ASSIGNMENT
Please restate every record below word for word and skip the pictures.

*** TASK DATA ***

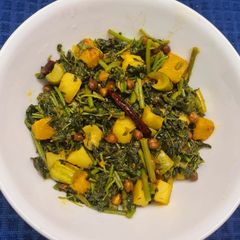 A picture of Notey Shaak Ghonto (Green Amaranth and Mixed Vegetables Curry).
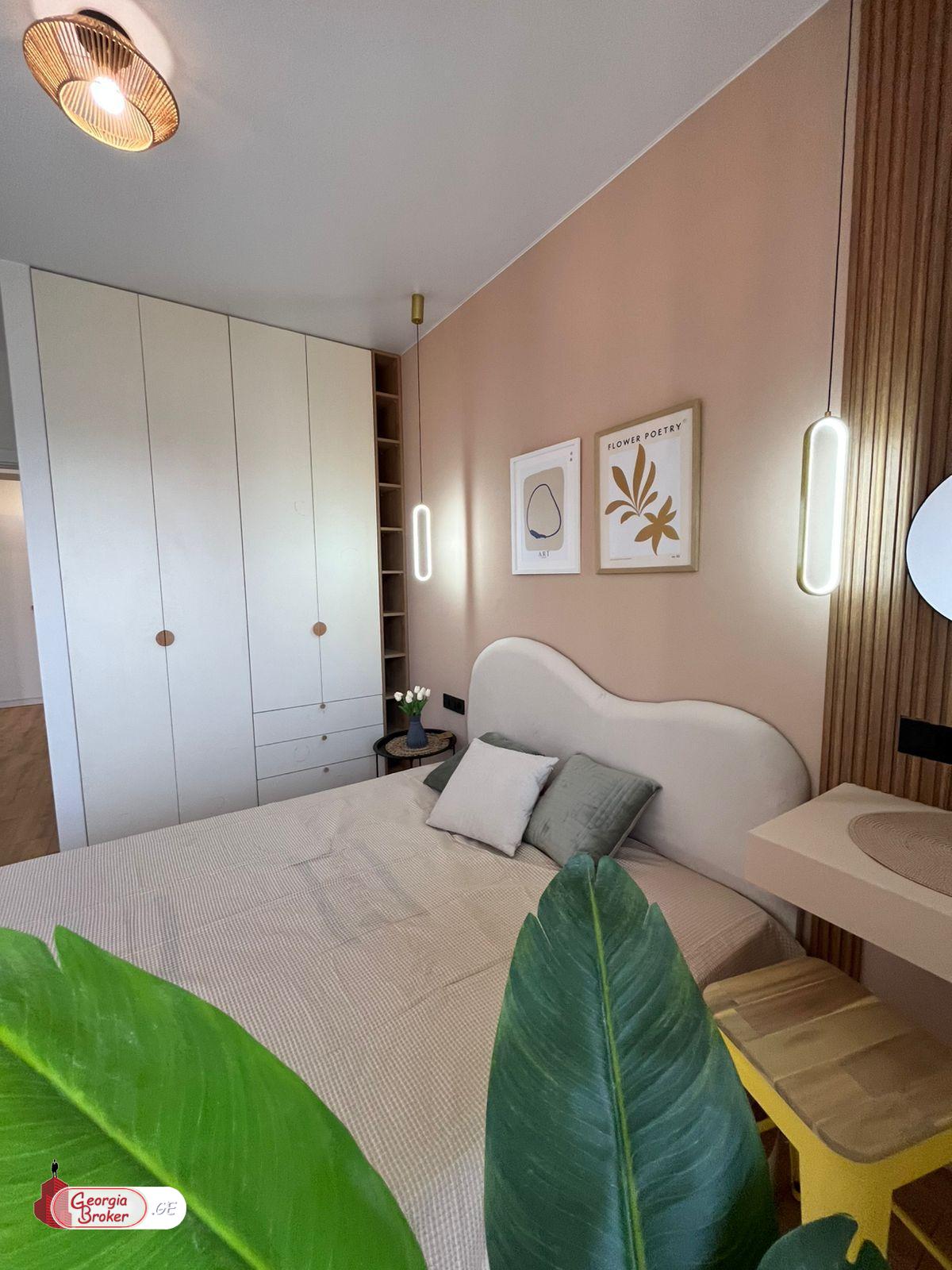 იყიდება ახალი გარემონტებული 2 ოთახიანი ბინა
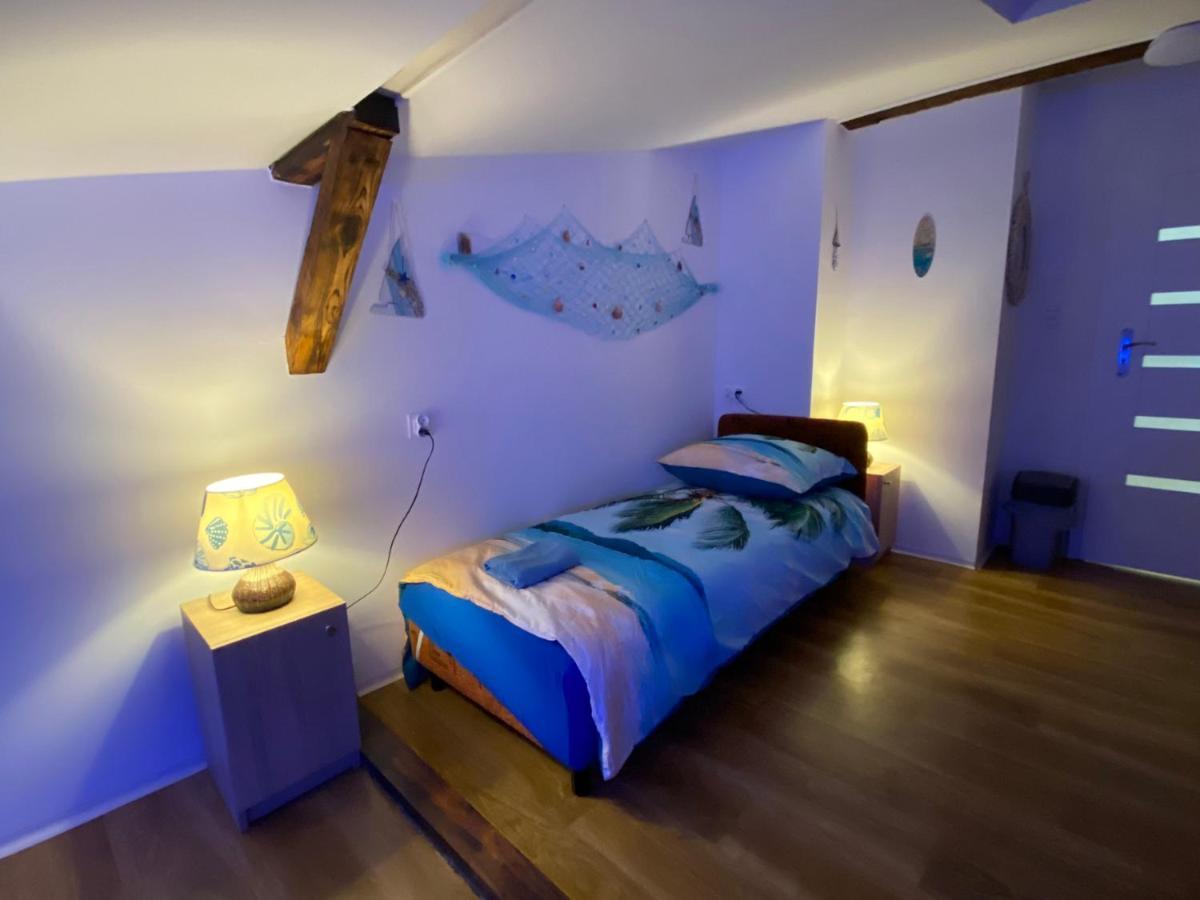 Sea World Apartments Mansarda Гданьск Экстерьер фото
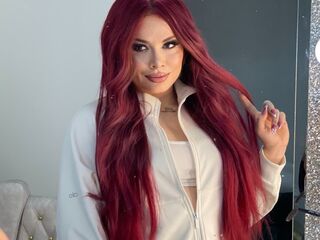 online chat MilaEverhart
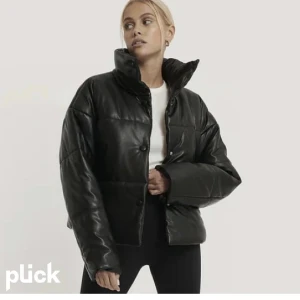 Vero Moda pufferjacka i svart - Snygg oanvänd jacka med prislappar kvar. Inköpt på Vero Moda för 649kr. Jackan är i en kort, vadderad modell med ett yttertyg i skinnimitation. Jackan stängs med tryckknappar. Skriv för fler bilder. Storleken är Medium men passar även small. 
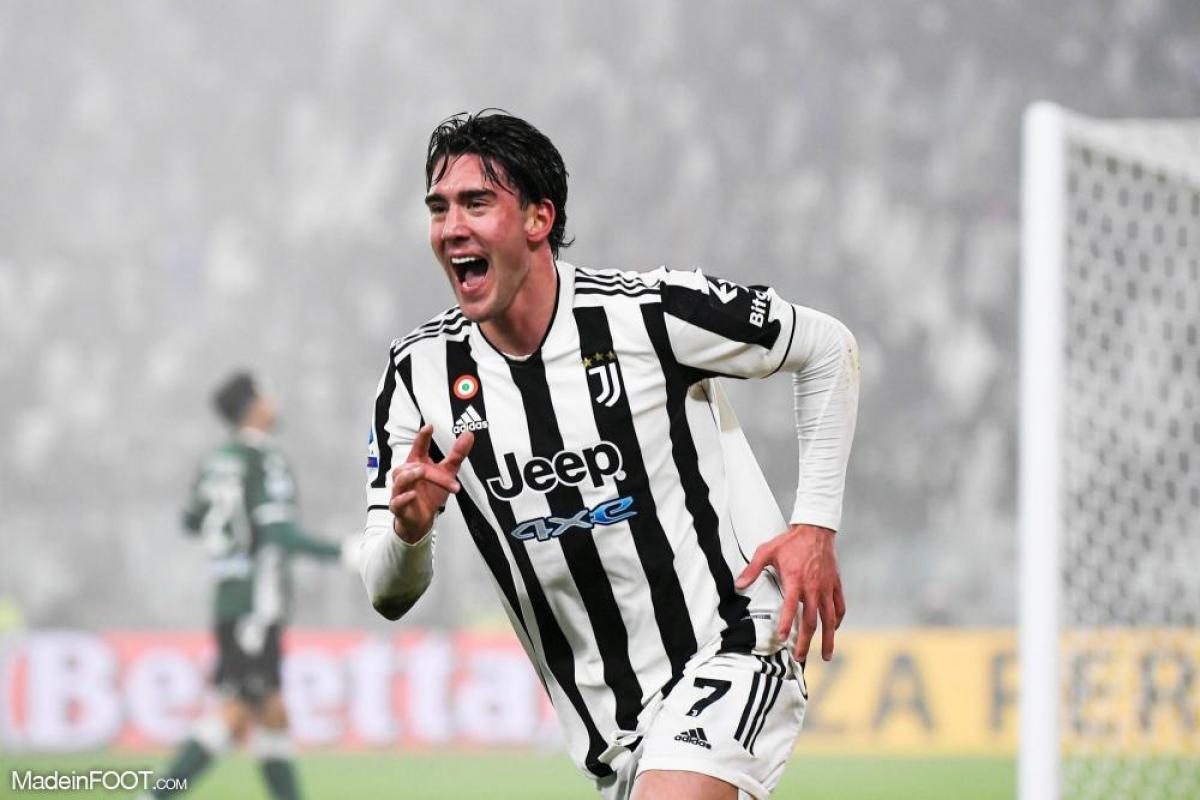 Dusan Vlahovic avec la Juventus.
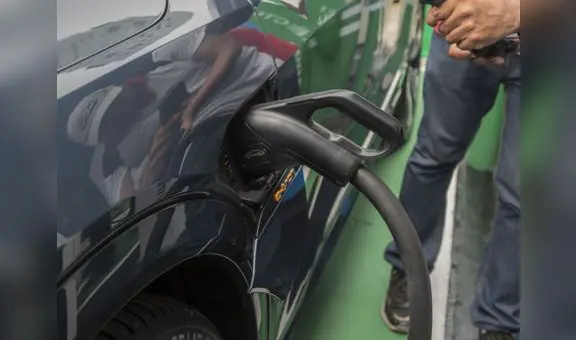 Ejecutivo buscará convertir 10.000 vehículos a motor eléctrico
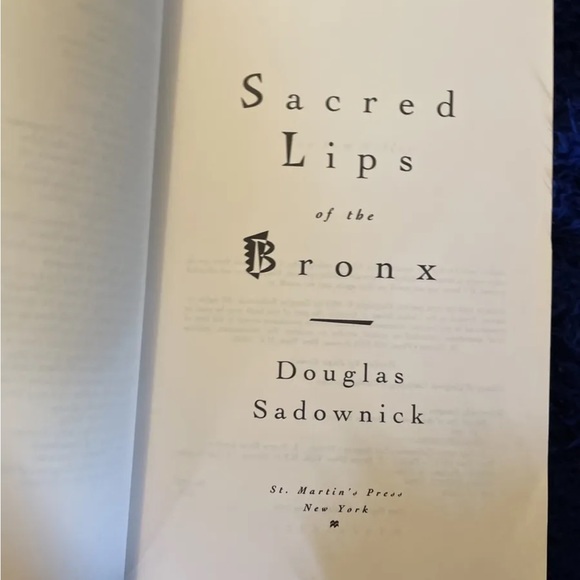 Book. Gay interest. Sacred lips of the Bronx. - Picture 3 of 7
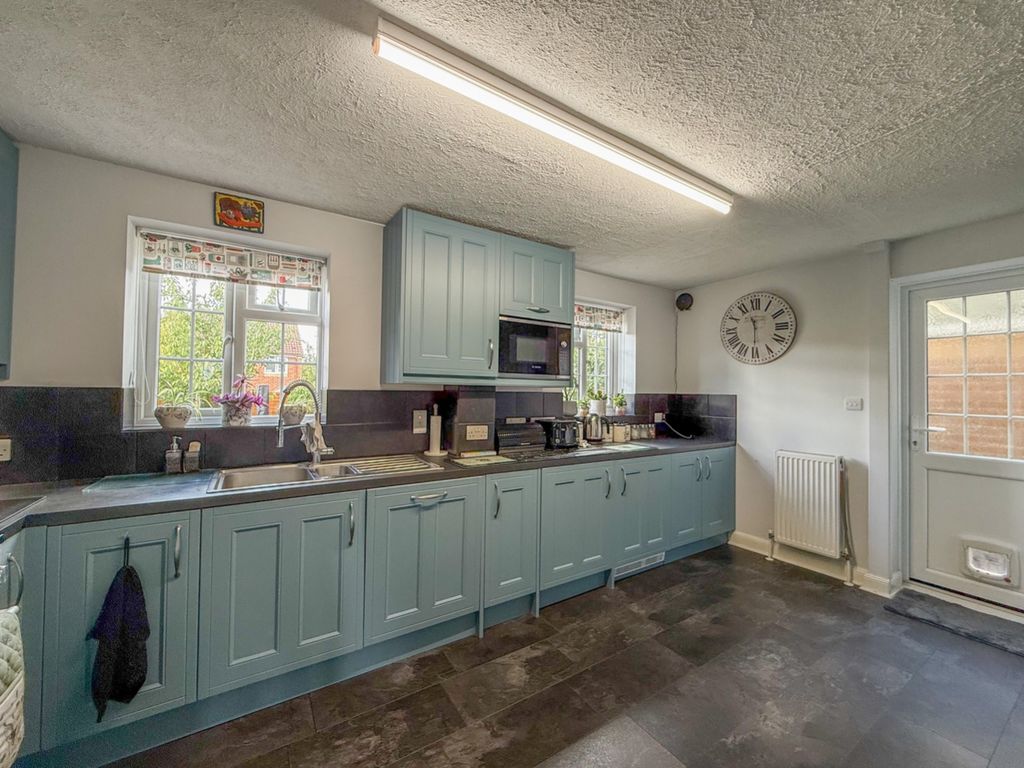 Property photo 3 of 24 4513397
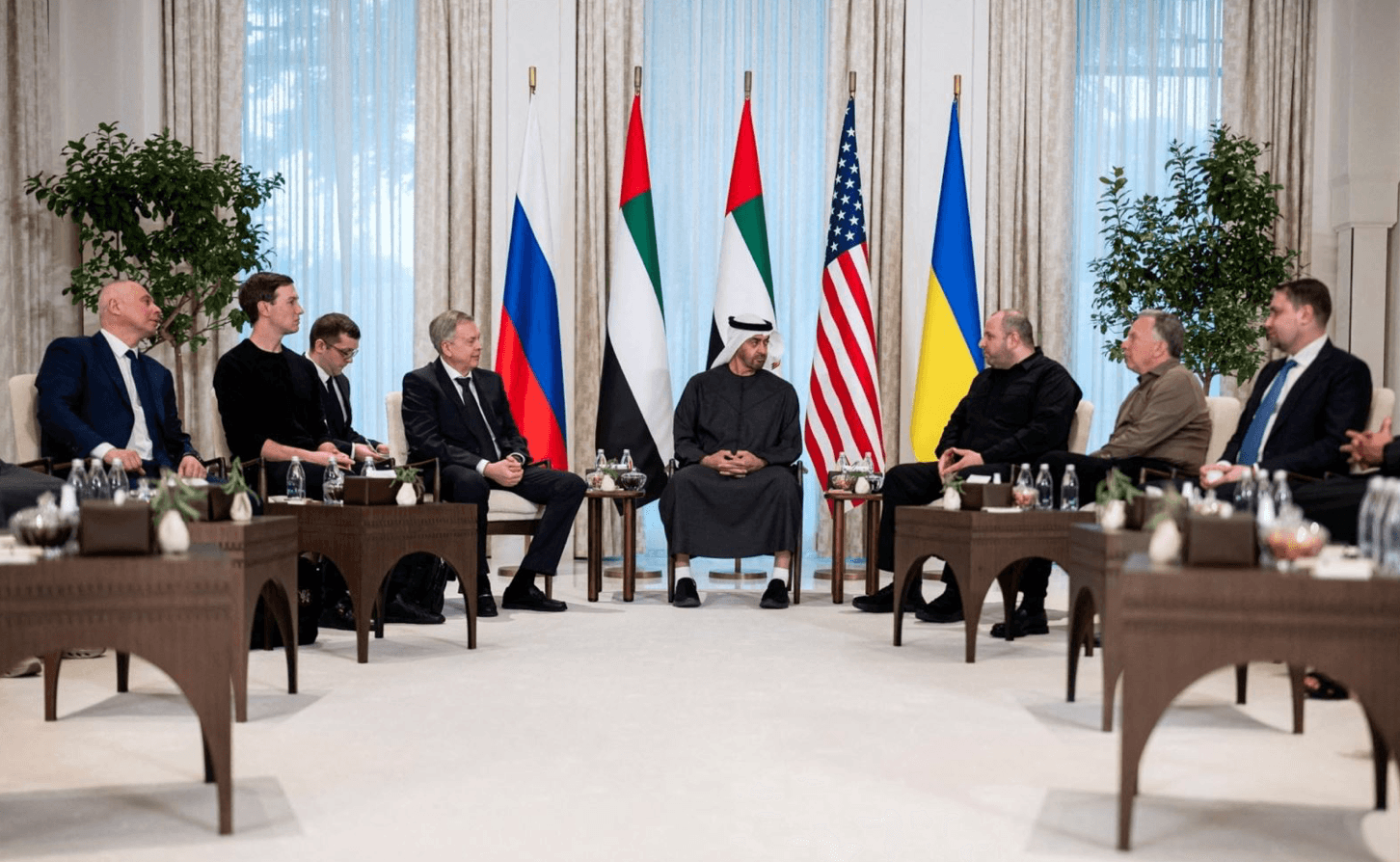 Tổng thống Các tiểu vương quốc Arập Thống nhất (UAE) Sheikh Mohamed bin Zayed al-Nahyan (giữa) trong cuộc gặp đại diện phái đoàn Mỹ, Liên bang Nga và Ukraine tham dự cuộc đàm phán ba bên, tại Abu Dhabi, ngày 23/1/2026. (Ảnh: Reuters)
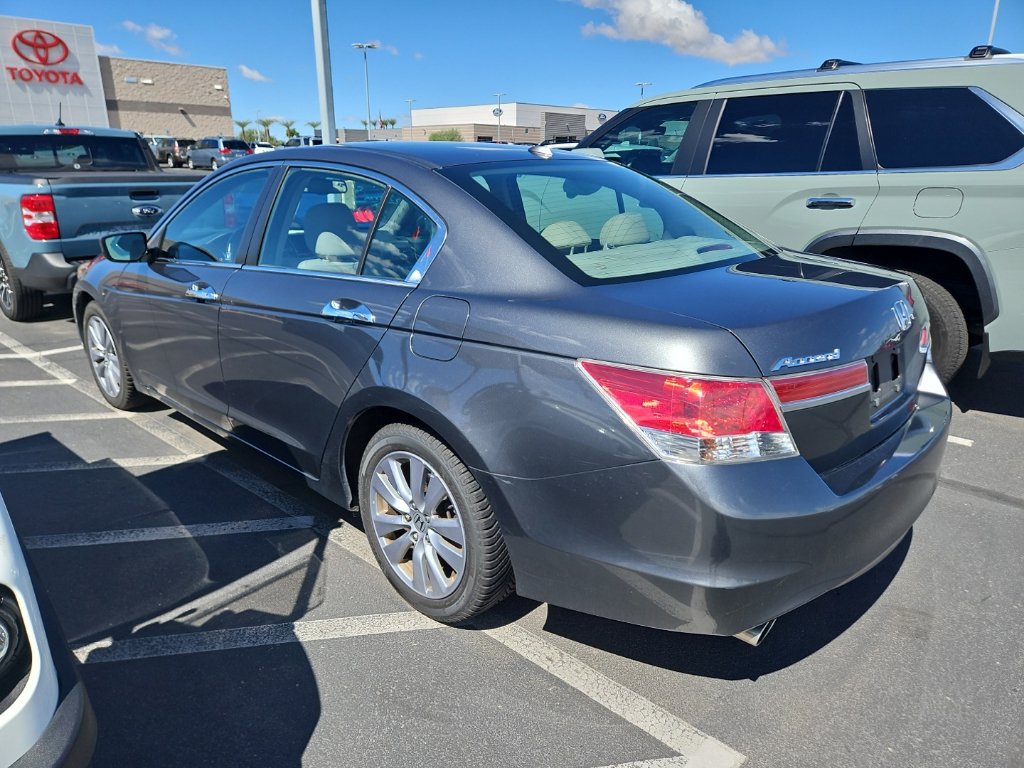 Used 2011 Honda Accord EX-L image 2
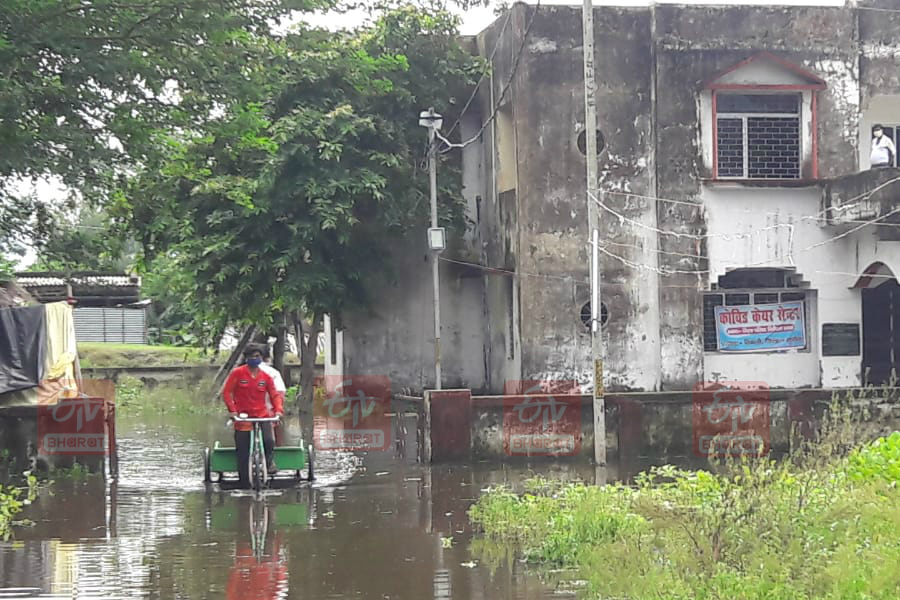 Bihar flood: Waterlogging throws life of doctors out of gear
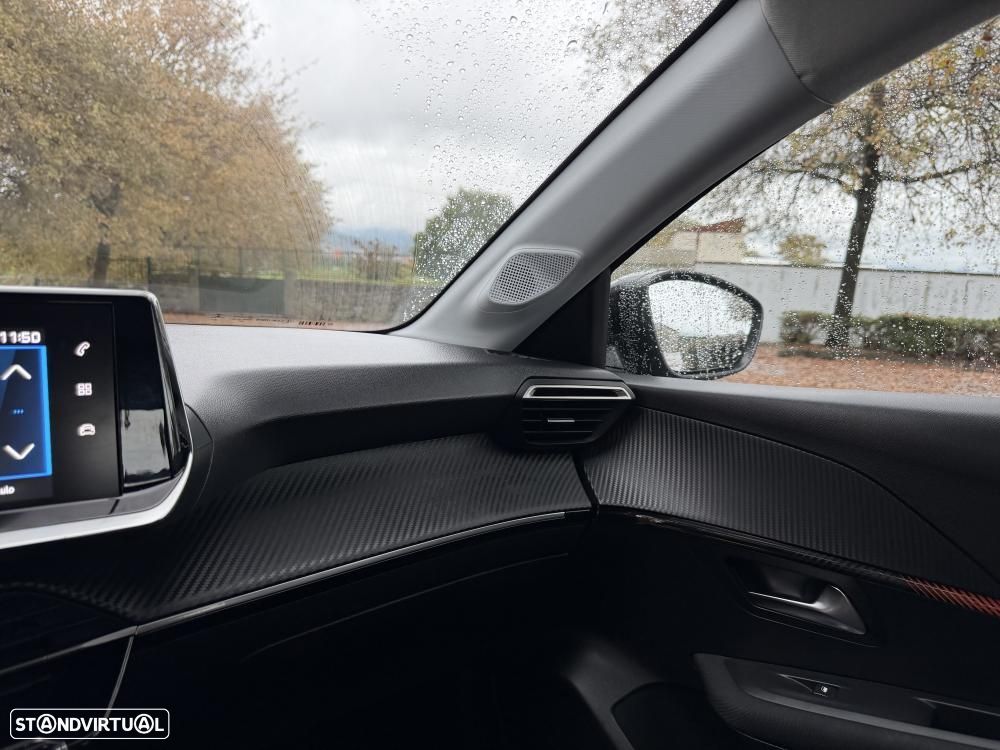 Peugeot 208 1.2 PureTech Active Pack - 22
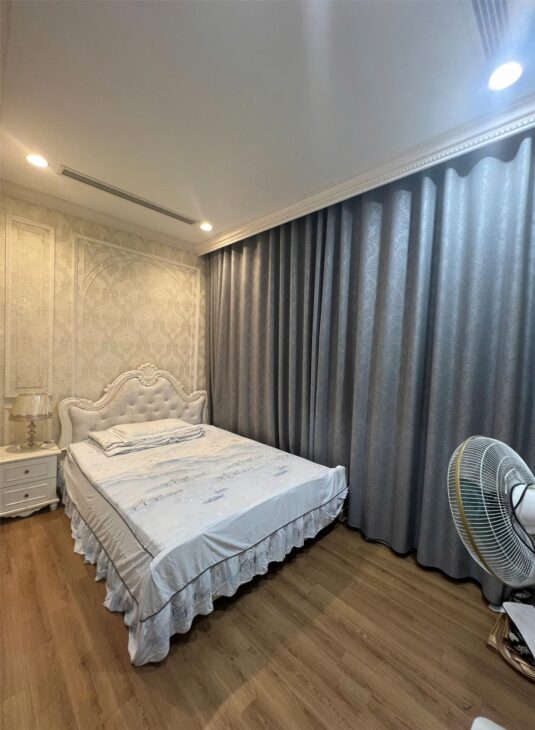 CHO THUÊ CĂN 3PN SÁNG TOÀ R6 – ROYAL CITY VIEW QUẢNG TRƯỜNG CHỈ 25TRIỆU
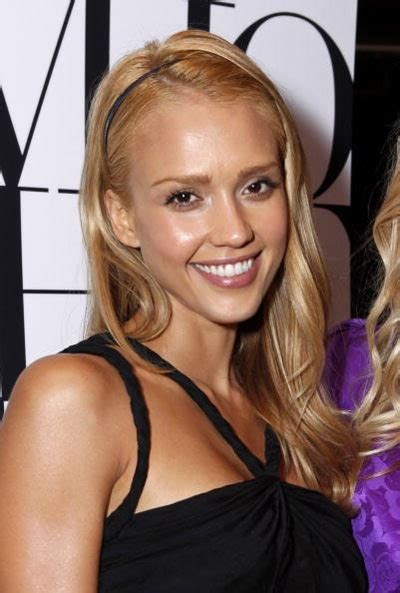 Jessica Alba Went Blonde Do You Like Her New Color Glamour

***

OUTPUT OF THE EXERCISE
 A picture of Notey Shaak Ghonto (Green Amaranth and Mixed Vegetables Curry).
 იყიდება ახალი გარემონტებული 2 ოთახიანი ბინა
 Sea World Apartments Mansarda Гданьск Экстерьер фото
 online chat MilaEverhart
 Vero Moda pufferjacka i svart - Snygg oanvänd jacka med prislappar kvar. Inköpt på Vero Moda för 649kr. Jackan är i en kort, vadderad modell med ett yttertyg i skinnimitation. Jackan stängs med tryckknappar. Skriv för fler bilder. Storleken är Medium men passar även small. 
 Dusan Vlahovic avec la Juventus.
 Ejecutivo buscará convertir 10.000 vehículos a motor eléctrico
 Book. Gay interest. Sacred lips of the Bronx. - Picture 3 of 7
 Property photo 3 of 24 4513397
 Tổng thống Các tiểu vương quốc Arập Thống nhất (UAE) Sheikh Mohamed bin Zayed al-Nahyan (giữa) trong cuộc gặp đại diện phái đoàn Mỹ, Liên bang Nga và Ukraine tham dự cuộc đàm phán ba bên, tại Abu Dhabi, ngày 23/1/2026. (Ảnh: Reuters)
 Used 2011 Honda Accord EX-L image 2
 Bihar flood: Waterlogging throws life of doctors out of gear
 Peugeot 208 1.2 PureTech Active Pack - 22
 CHO THUÊ CĂN 3PN SÁNG TOÀ R6 – ROYAL CITY VIEW QUẢNG TRƯỜNG CHỈ 25TRIỆU
 Jessica Alba Went Blonde Do You Like Her New Color Glamour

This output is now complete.